■ EXTRACTED MATERIAL
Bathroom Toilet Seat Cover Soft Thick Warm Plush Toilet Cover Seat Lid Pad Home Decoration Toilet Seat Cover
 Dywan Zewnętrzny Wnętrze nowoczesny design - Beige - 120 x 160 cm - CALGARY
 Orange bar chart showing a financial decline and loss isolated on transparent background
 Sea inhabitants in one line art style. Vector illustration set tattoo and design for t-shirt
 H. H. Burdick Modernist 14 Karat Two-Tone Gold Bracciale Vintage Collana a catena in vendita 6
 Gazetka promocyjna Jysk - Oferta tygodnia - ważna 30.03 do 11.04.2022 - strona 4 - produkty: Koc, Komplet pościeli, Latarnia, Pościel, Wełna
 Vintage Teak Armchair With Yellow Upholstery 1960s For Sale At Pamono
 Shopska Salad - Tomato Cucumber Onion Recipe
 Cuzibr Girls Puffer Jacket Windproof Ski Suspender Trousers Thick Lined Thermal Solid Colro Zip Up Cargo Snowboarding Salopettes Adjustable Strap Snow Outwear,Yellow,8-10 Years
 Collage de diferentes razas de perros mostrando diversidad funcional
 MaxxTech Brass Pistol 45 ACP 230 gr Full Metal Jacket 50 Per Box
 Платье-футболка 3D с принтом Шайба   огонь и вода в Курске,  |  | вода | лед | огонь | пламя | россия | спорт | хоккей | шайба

■ TASK TO COMPLETE
Search the records above for "Thick" and copy every line that has it.

■ REPLY
Bathroom Toilet Seat Cover Soft Thick Warm Plush Toilet Cover Seat Lid Pad Home Decoration Toilet Seat Cover
 Cuzibr Girls Puffer Jacket Windproof Ski Suspender Trousers Thick Lined Thermal Solid Colro Zip Up Cargo Snowboarding Salopettes Adjustable Strap Snow Outwear,Yellow,8-10 Years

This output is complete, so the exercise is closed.